TASK BRIEF
Once every line in the data below has been checked for "going", give the number of lines that hold it, and only that.

PROVIDED INFORMATION
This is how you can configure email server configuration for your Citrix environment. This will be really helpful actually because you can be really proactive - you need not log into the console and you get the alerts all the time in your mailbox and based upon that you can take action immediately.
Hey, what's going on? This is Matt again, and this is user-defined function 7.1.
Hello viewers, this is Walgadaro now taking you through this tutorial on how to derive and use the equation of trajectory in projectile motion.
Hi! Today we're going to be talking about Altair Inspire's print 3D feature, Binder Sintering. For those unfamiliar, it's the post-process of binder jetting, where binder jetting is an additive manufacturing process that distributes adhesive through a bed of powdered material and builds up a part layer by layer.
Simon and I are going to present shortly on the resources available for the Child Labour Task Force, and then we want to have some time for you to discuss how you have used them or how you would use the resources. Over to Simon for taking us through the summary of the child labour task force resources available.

--

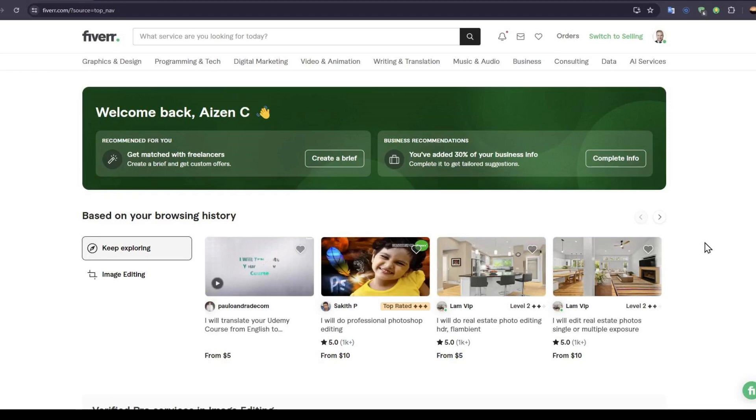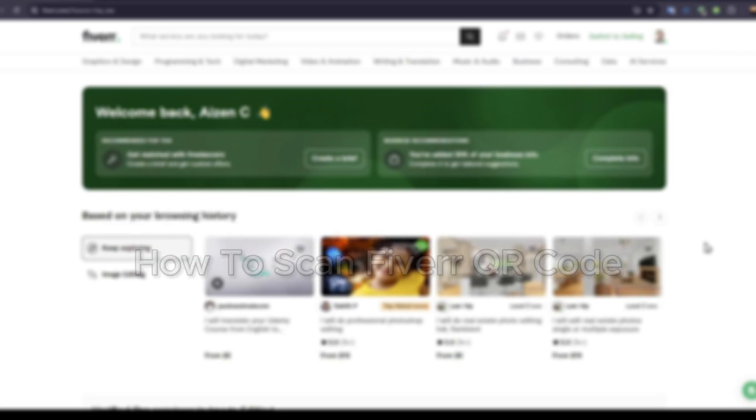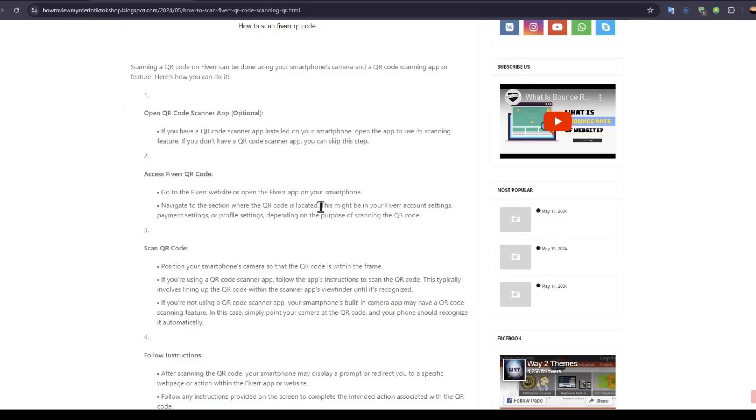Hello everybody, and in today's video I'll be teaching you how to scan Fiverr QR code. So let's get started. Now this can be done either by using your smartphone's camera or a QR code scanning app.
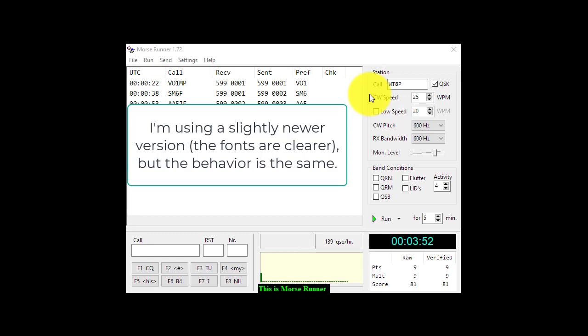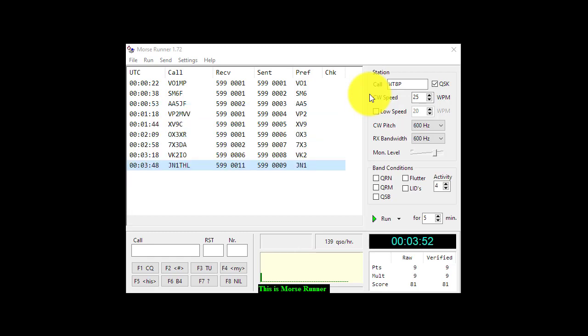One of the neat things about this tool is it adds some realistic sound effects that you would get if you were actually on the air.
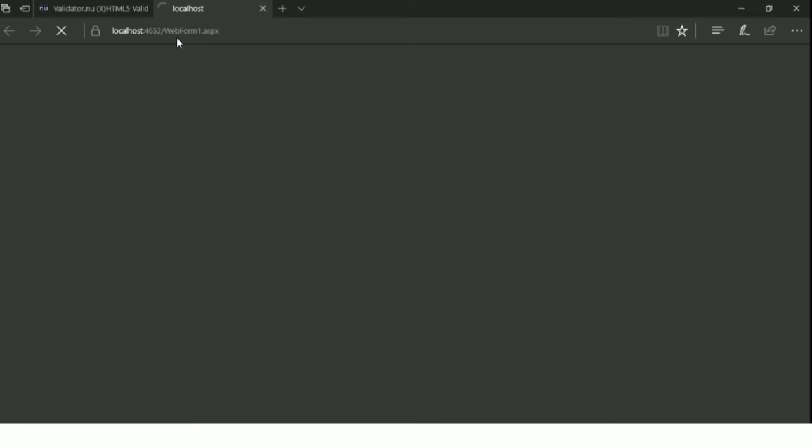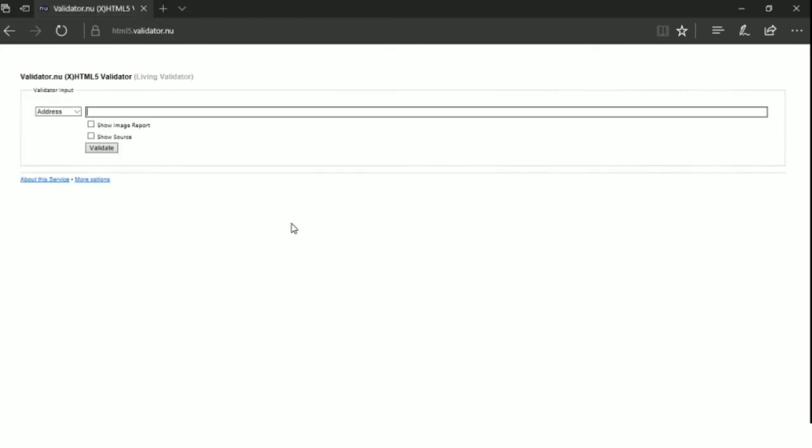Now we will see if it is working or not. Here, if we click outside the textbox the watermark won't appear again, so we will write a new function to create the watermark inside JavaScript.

==

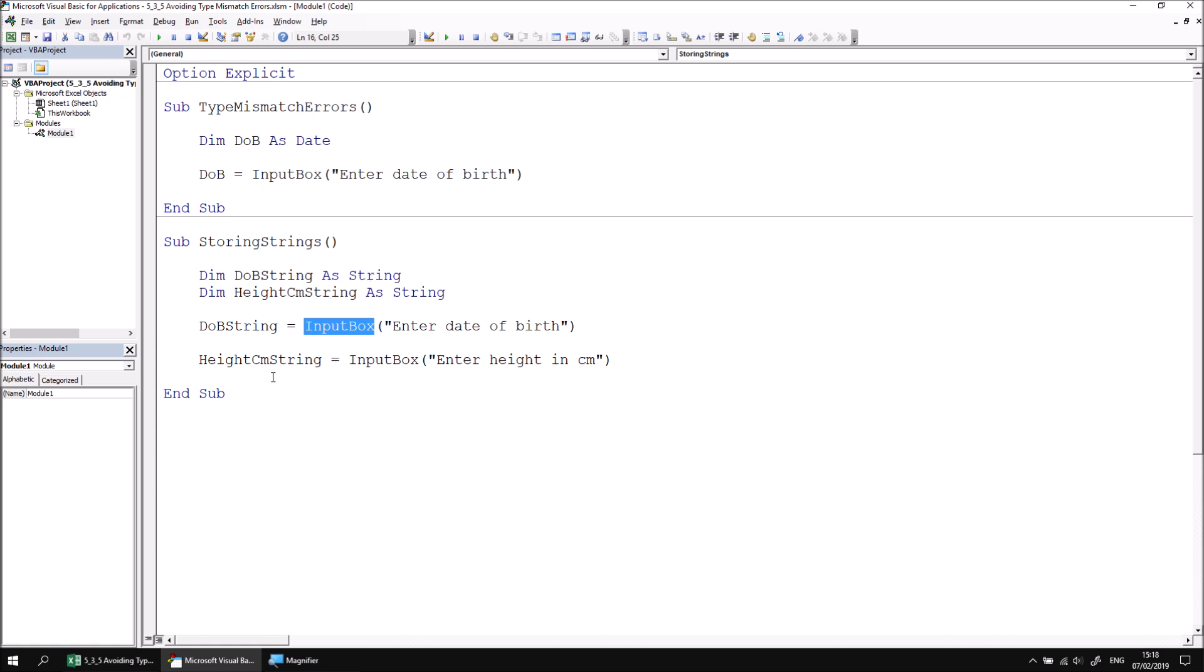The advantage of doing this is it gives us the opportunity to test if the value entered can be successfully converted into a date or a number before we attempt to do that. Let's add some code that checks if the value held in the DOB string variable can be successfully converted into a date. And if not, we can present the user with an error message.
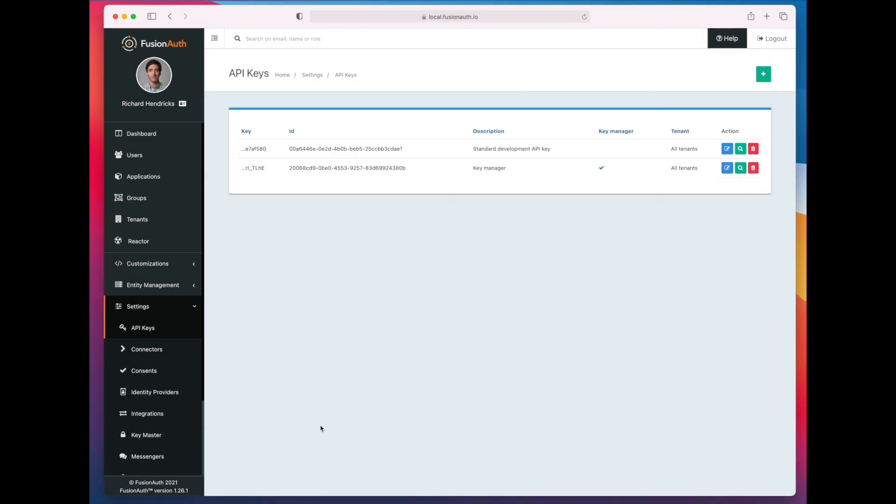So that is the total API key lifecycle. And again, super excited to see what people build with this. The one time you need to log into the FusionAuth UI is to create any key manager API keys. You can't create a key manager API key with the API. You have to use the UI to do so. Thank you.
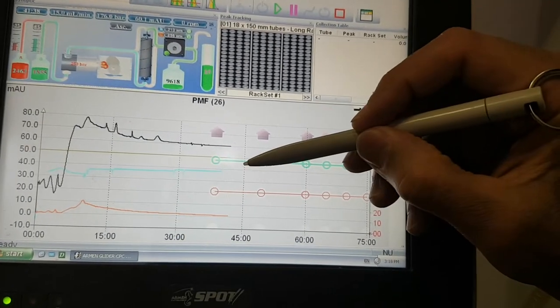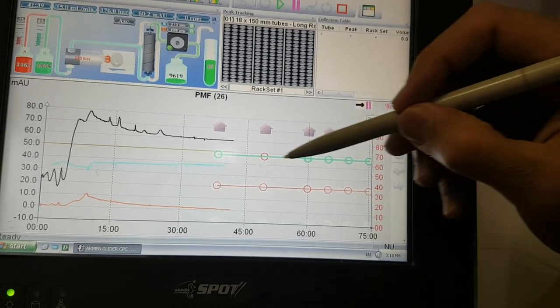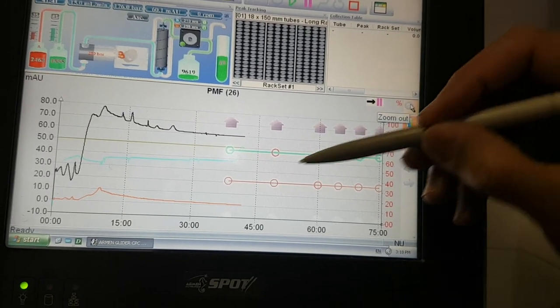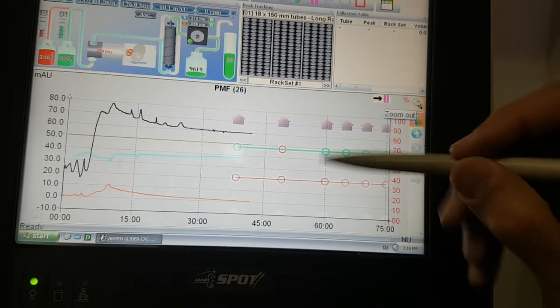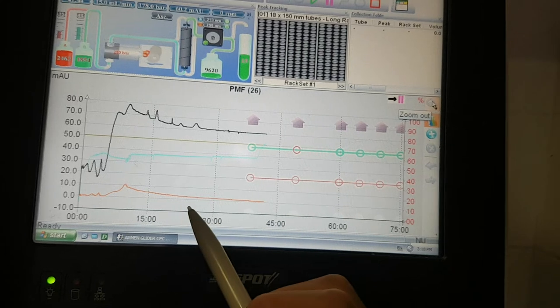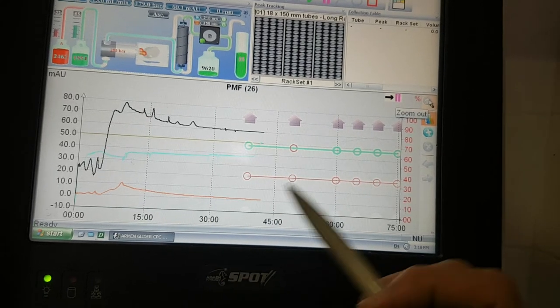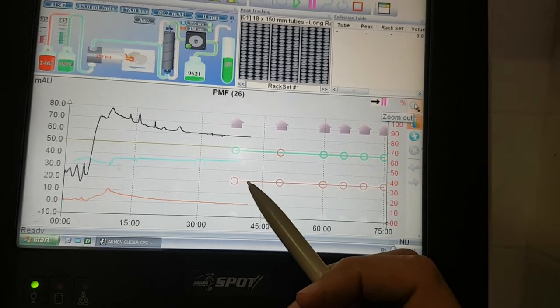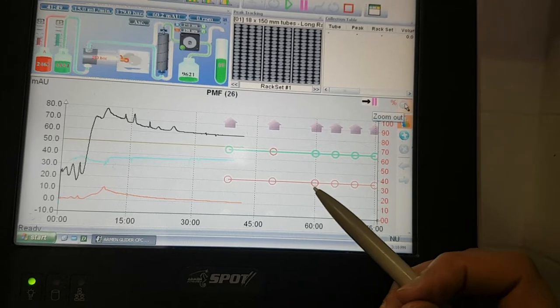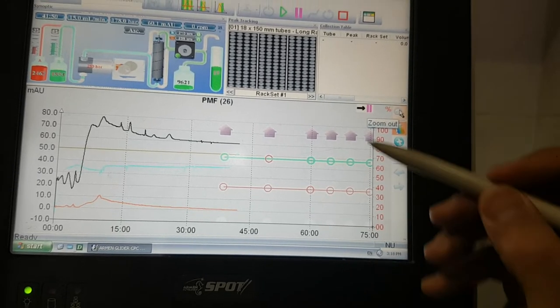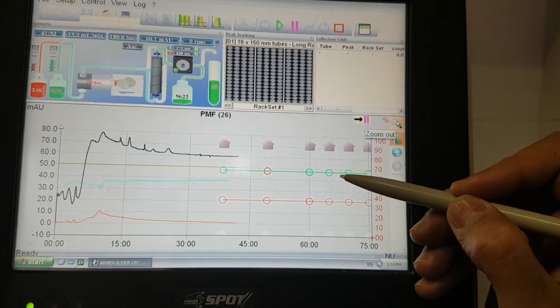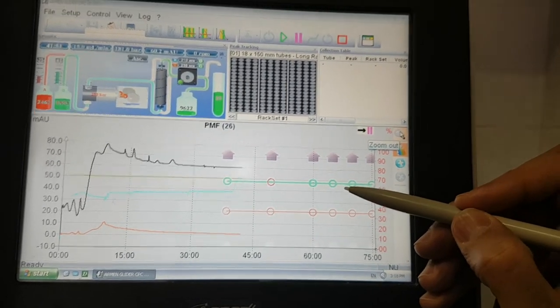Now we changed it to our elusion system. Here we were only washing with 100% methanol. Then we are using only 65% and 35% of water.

SOLUTION TO THIS TASK
3